Сказав это, он попытался полностью завладеть акашинскими пальцами, но мой гений испуганно отдернул руку.
– А я не у вас, я у Насти спрашиваю! – огрызнулась Стелла.
– Не знаю. Я так чувствую… – растерянно объяснила девочка.
– Правильно, лапочка, правильно вы чувствуете! – успокоил Любин-Любченко и многозначительно посмотрел на Одуева.
Тот снова налил всем вина и предложил выпить за Настю.
– Вы любите Ахматову? – чокаясь с ней, спросил я.
– Не очень. Она так и не сумела переплавить оргазм в поэзию!
– А Цветаеву?
– Нет. Она так и не сумела переплавить поэзию в оргазм.
Теперь уже я посмотрел на Одуева с уважением. Тот удовлетворенно засмеялся и снова поцеловал девочку в шею. В это время хмурый Тер-Иванов молча встал, вышел на середину комнаты, заложил руки за спину и, раскачиваясь, как конькобежец, начал без всякого предупреждения:
Шур-шур, тук-тук,
Крысы бегут с корабля,
Скучно матросам без крыс,
Шур-шур-шур-шур,
Тук-тук-тук-тук.
Закончив, он так же решительно вернулся на свое место, прыгающими руками достал из кармана пачку «Примы» и снова закурил. Все посмотрели на Акашина, а он на мой дрогнувший левый указательный.
– Скорее нет, чем да!
Услышав это, Тер-Иванов нахмурился и затянулся с такой силой, что сигарета затрещала и брызнула искрами, как бенгальский огонь.
– А мне кажется, что-то есть! – вступилась Настя. И это понятно: любой поэт после похвал становится добрее к чужим стихам, даже очень плохим.
– Брр! – сообщила Стелла и подергала обомлевшего Акашина за ухо.
– А почему сразу «брр»? Это имеет право на существование! – Я решил подбодрить автора.
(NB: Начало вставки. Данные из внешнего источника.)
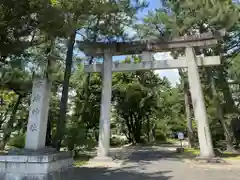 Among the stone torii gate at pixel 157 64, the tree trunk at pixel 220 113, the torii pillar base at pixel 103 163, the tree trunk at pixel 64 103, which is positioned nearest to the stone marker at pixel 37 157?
the tree trunk at pixel 64 103

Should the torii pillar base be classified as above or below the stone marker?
below

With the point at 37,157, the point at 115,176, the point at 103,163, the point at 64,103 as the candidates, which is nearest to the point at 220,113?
the point at 103,163

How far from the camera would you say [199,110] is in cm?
1141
Теперь была очередь Любина-Любченко, который как бы невзначай перенес сферу своих интересов с руки моего несчастного воспитанника на его колено.
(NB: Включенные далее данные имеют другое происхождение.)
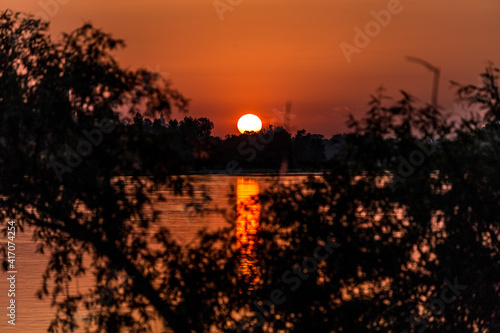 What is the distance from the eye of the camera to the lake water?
44.4 ft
– Что ж вы изменяете верлибру с белым стихом? – попенял теоретик, облизываясь.
– Я не изменяю! – огрызнулся поэт-практик.
Он побурел, достал новую сигарету и прикурил прямо от предыдущей. В глазах его засветилась та тоскливая ненависть, какая бывает только у поэтов, когда ругают их стихи.